• Diritti di proprietà industriale - Aspetti generali

16 febbraio 2024

Uniqlo vs Shein: intelligenza artificiale e contraffazione

di Maria Eleonora Nardocci  

Nel settore dell’abbigliamento è diffuso il fenomeno della contraffazione, rilevante minaccia per l’industria creativa, che trova oggi “ausilio” nel crescente utilizzo dell’intelligenza artificiale. Shein, nota azienda di fast fashion cinese, è oggi accusata dalla casa di moda Uniqlo, che ritiene violati i propri diritti di proprietà intellettuale e industriale sulla borsa a mezzaluna “Round Mini Shoulder Bag”.


I precedenti casi contro Shein

È recente la notizia dell’azione intentata dalla casa di moda Uniqlo contro la nota azienda cinese di vendita online Shein, accusandola di aver “copiato” l’iconica borsa a forma di mezzaluna.

Tuttavia, non si tratta del primo caso che vede coinvolto l’ormai “gigante” cinese del fast fashion per violazione dei diritti di proprietà intellettuale e industriale altrui, come esaminato in un precedente articolo (cfr. link). Tra questi, si ricorda, nel 2018, la causa intentata da Levi Strauss & Co contro l’azienda cinese, per aver quest’ultima imitato una cucitura di jeans del marchio “Levi’s”. Ancora, nel 2021, Ralph Lauren ha agito in giudizio per violazione del marchio e concorrenza sleale contro Zoetop Business Co. (“holding” di Shein), sostenendo che tale società vendesse abbigliamento riportante un marchio simile al proprio, creando così confusione sul mercato e approfittando della notorietà e reputazione del brand americano. A questi e ad altri casi, si aggiungono le doglianze provenienti da stilisti indipendenti che – seppur non in via legale – hanno reso note le violazioni perpetrate dall’azienda cinese.


Uniqlo vs Shein: il caso

Uniqlo ha agito contro Roadget Business Pte. Ltd., Fashion Choice Pte. Ltd., e Shein Japan Co., Ltd., “gestori” del marchio di vendita al dettaglio Shein, per aver messo in vendita prodotti che paiono copiare la forma della “Round Mini Shoulder Bag”, in violazione del “Unfair Competition Prevention Act”. In particolare, Uniqlo ritiene che la vendita di borse “di imitazione” da parte di Shein – oltre a costituire una violazione dei diritti di privativa della stessa – mini in modo significativo l’alto livello di fiducia dei clienti nella qualità del marchio “Uniqlo” e dei suoi prodotti.

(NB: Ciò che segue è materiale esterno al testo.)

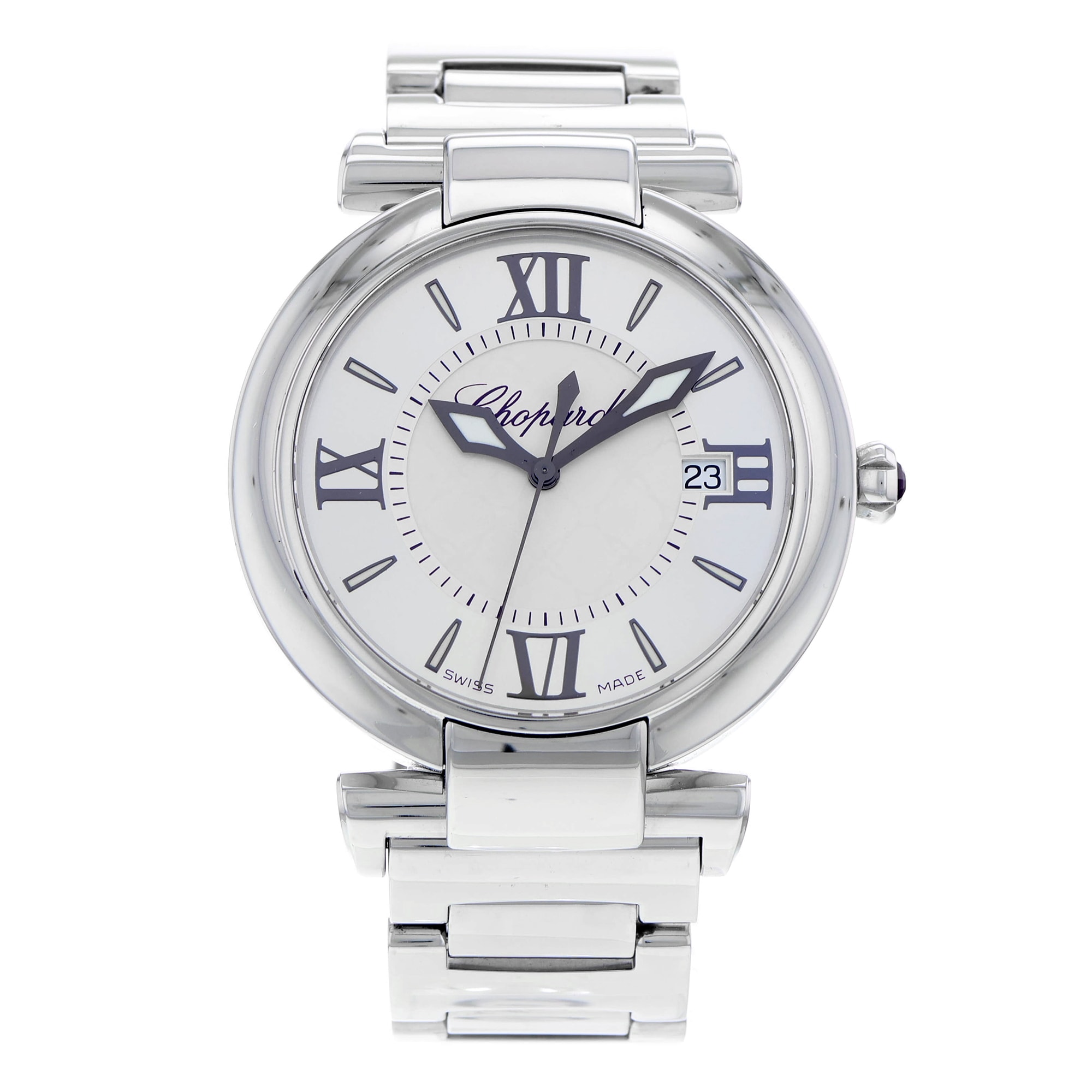 Chopard Imperiale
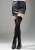 zakolanowki-damskie-bawelniane-prazkowane-czarne-l1946-rib-legs_2.jpg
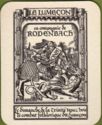 Rodenbach
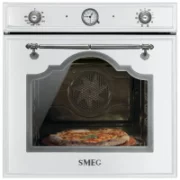 Духовой шкаф smeg SFP750BSPZ отзывы владельцев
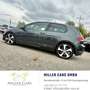 Volkswagen Golf GTI 2,0 TSI Performance*Servicegepflegt* Schwarz - thumbnail 7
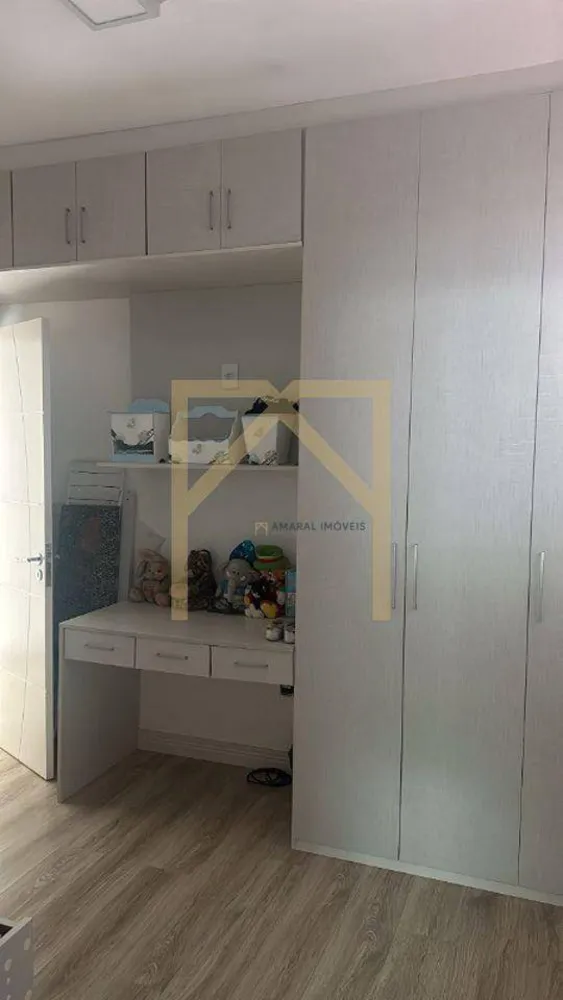 Casa, 3 quartos, 190 m² - Foto 8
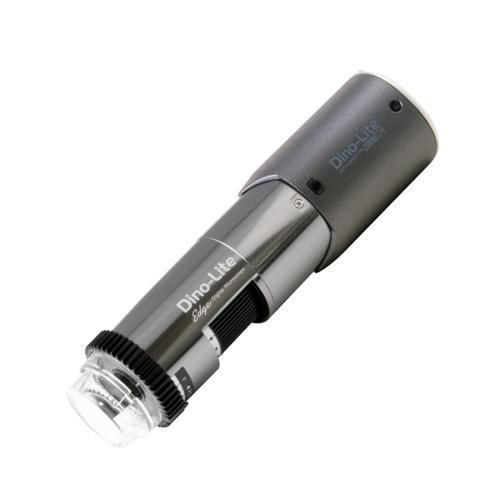 Videomicroscopio digital - WF7915MZTL - Dino-Lite Europe - de inspección / LED / de luz blanca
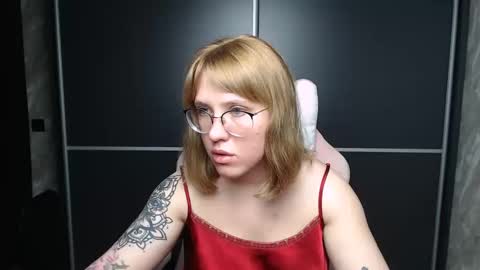 Regina online show from 02-10-25, 06:53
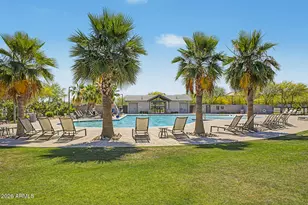 5656 N 87th Dr, Glendale, AZ 85305 - Photo 4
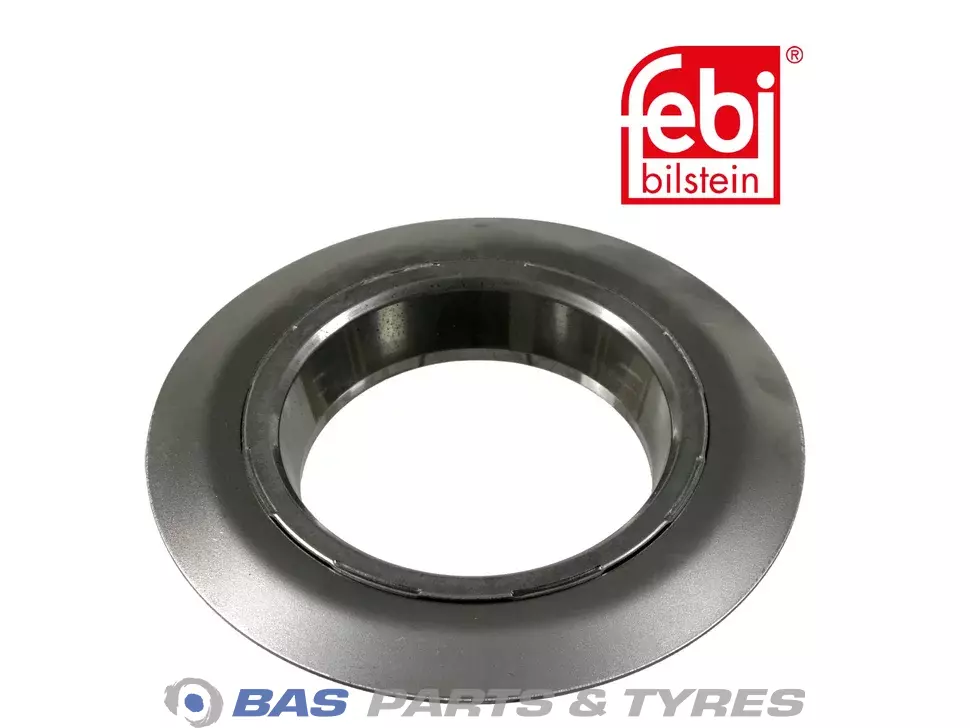 Thrust Ring Febi Thrust Ring Febi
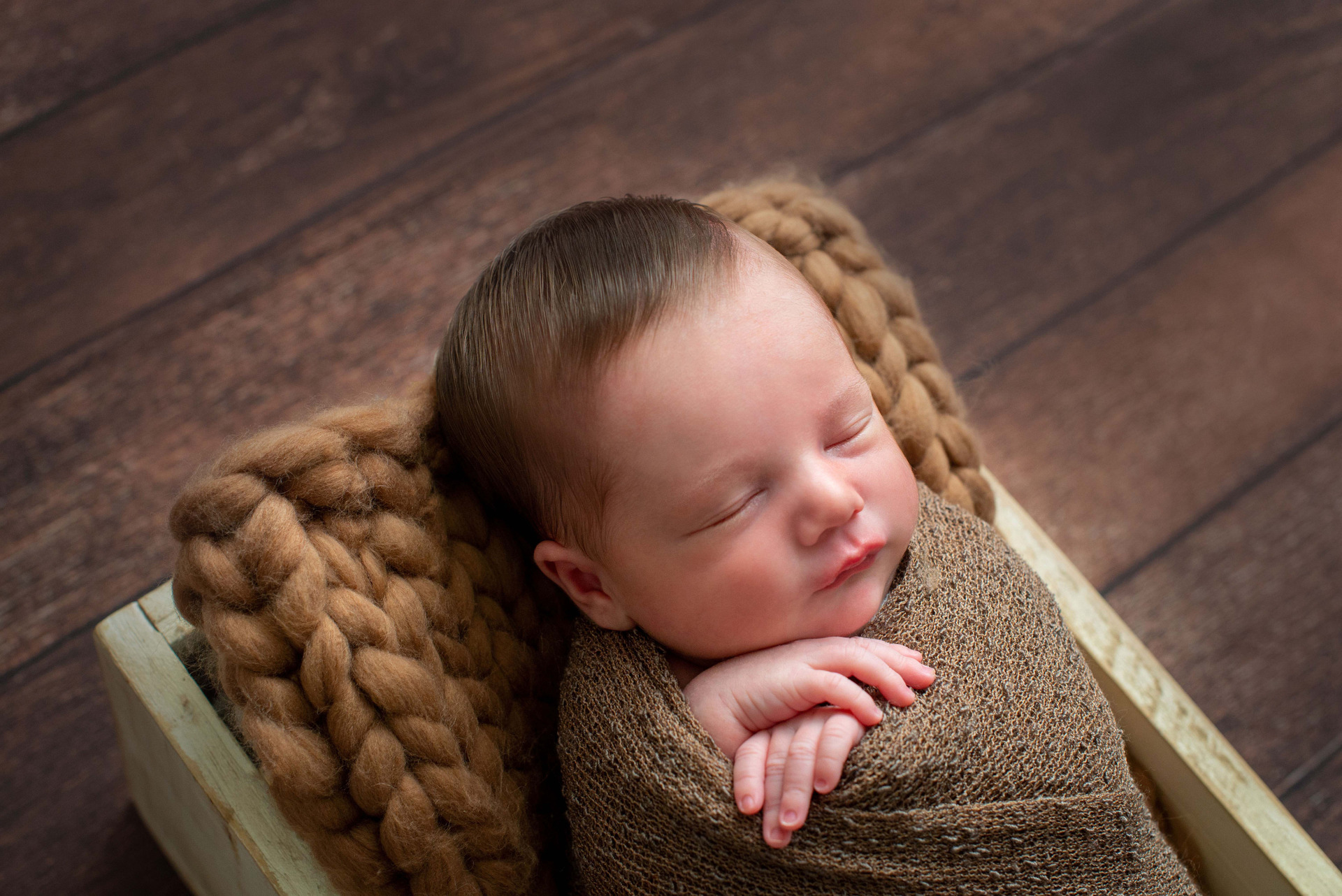 newborn menino, ensaio newborn, newborn, bebê, nascimento, foto de bebê, foto de recem-nascido, fotos fofas, inspiração foto bebê, família, amor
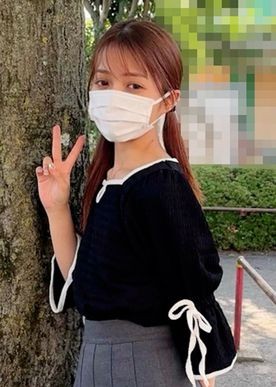 FC2PPV 4697139 Filmed a Pure, Innocent Nursery School Worker. Outdoor Exposure, Deep Throat, and Intense Sex with Consecutive Creampies Felt Way Too Good!!
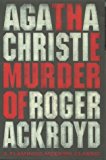 Book The Murder of Roger Ackroyd (Flamingo Modern Classic) free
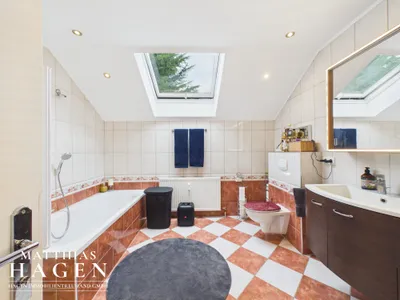 Wohnung kaufen in Bregenz – 129,57 m², € 590.000 – Bild 23 von 37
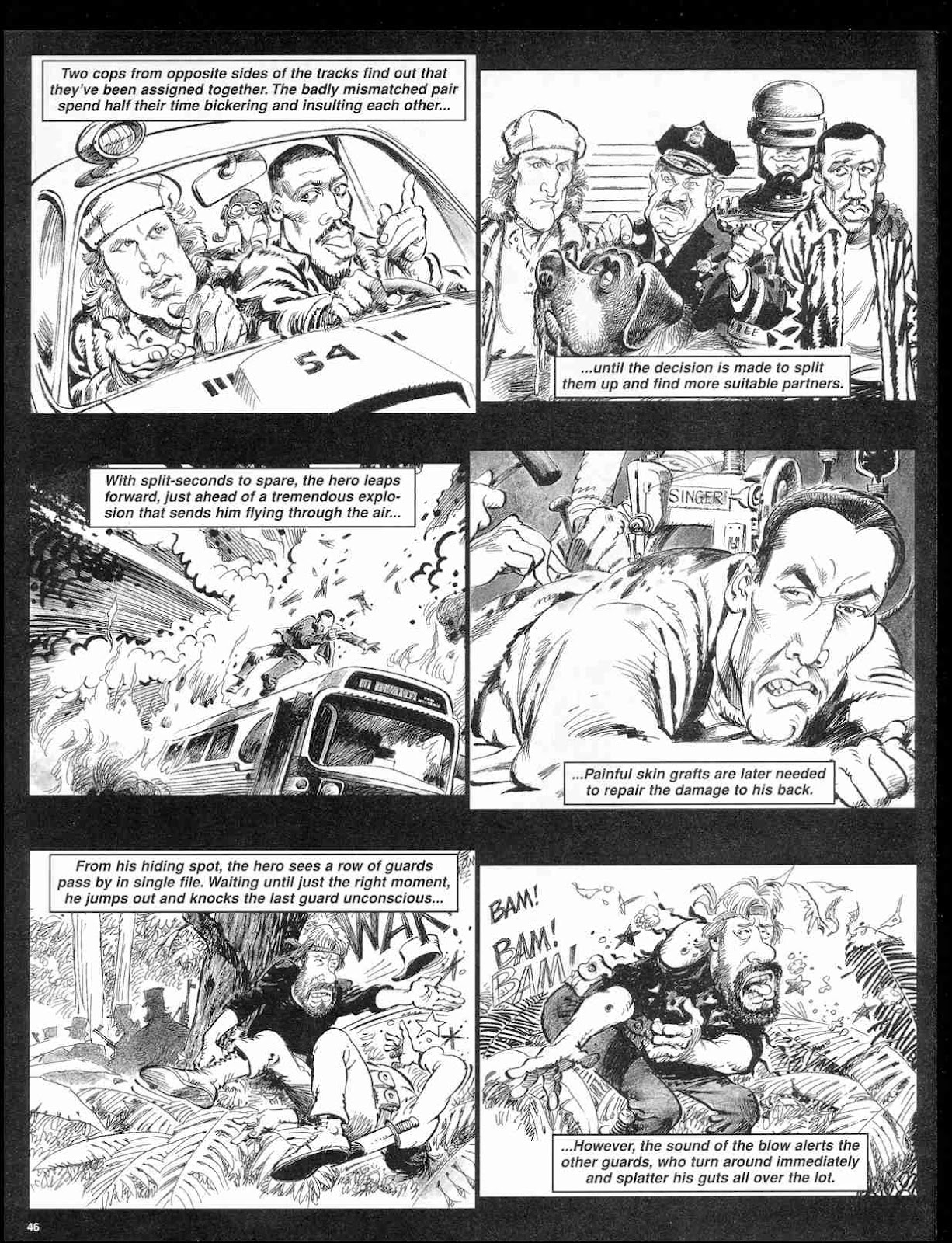 MAD issue 354 - Page 48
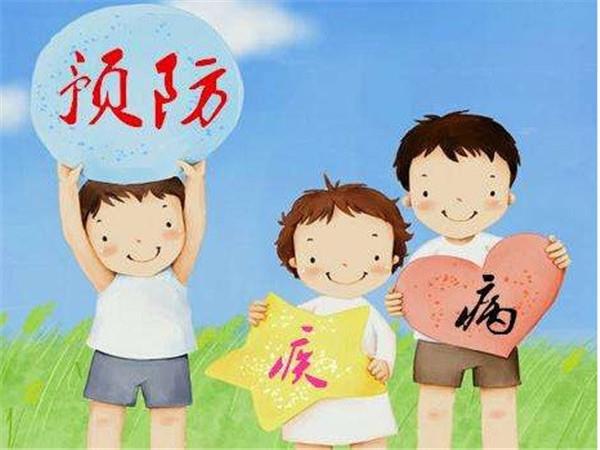 7_副本.jpg 7_副本.jpg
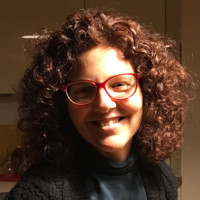Antonella Margotta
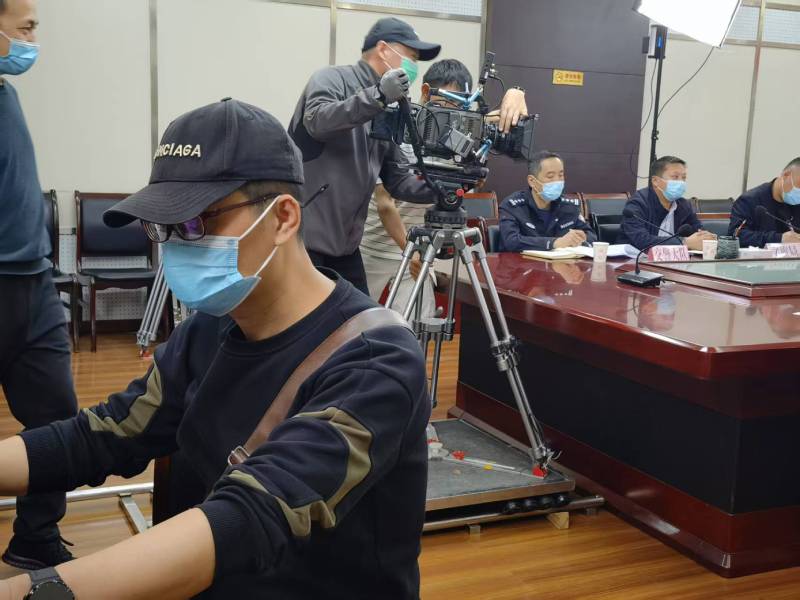 大宁县TVC拍摄公司怎么筛选？记住这3个核心标准！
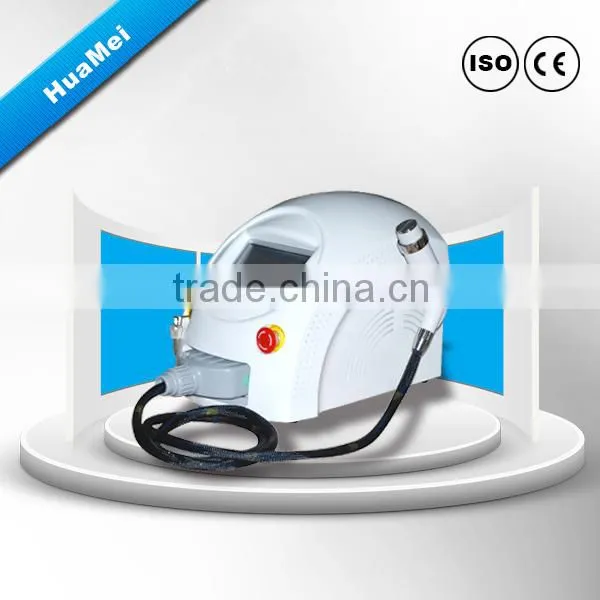 Best Monopolar Bipolar rf Skin Tightening Machine for Sale photo-2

Per questi motivi, Uniqlo ha chiesto alla “Tokyo District Court” di ordinare l’immediata cessazione delle vendite dei prodotti contraffatti, oltre al risarcimento dei danni subiti.


Il ruolo dell’intelligenza artificiale

Come detto, non si tratta del primo caso che vede coinvolta Shein. Ed infatti, di recente anche altri designer hanno agito contro Shein, tra cui Krista Perry, Larissa Martinez e Jay Baron, ritenendo che l’azienda cinese produca, distribuisca e venda copie esatte delle loro opere creative. Questo, sostenendo altresì che l’azienda si avvalga di un algoritmo volto ad identificare quali siano le crescenti tendenze della moda, per poi copiare i “pezzi” di design con il più alto valore commerciale. E così, pare che la produzione di Shein sia “programmata” da un software basato su un algoritmo che (i) analizza le ricerche degli utenti in merito agli acquisti di abbigliamento, così da (ii) avviare la produzione di alcuni “pezzi campione” da mettere in vendita sulla piattaforma, per poi (iii) verificare – sempre grazie all’algoritmo – l’effettivo interesse degli utenti rispetto a detti prodotti e, infine, (iv) disporre un aumento di produzione in caso di effettivo gradimento degli utenti rispetto ai prototipi in questione.


Osservazioni

L’intelligenza artificiale può costituire un ausilio in molteplici settori ed il cui sviluppo, pertanto, risulta in grado di promuovere l’innovazione. Tuttavia, come ogni “strumento” messo a disposizione dell’uomo, gli utilizzi che se ne possono fare sono molteplici, leciti, ma anche illeciti, come, appunto, la contraffazione di prodotti d’abbigliamento e, più in generale, la violazione dei diritti di proprietà intellettuale ed industriale altrui, ma non solo. Non è un caso che anche l’Unione Europea si stia interessando della questione, andando ad individuare nel noto "AI Act” – non ancora definitivamente approvato – quali sistemi di intelligenza artificiale sono vietati e quali no, sulla base di una valutazione del rischio che potrebbe derivare dal relativo utilizzo. Si auspica, dunque, che i prossimi interventi normativi possano sufficientemente regolamentare tale settore, garantendo il rispetto dei diritti altrui.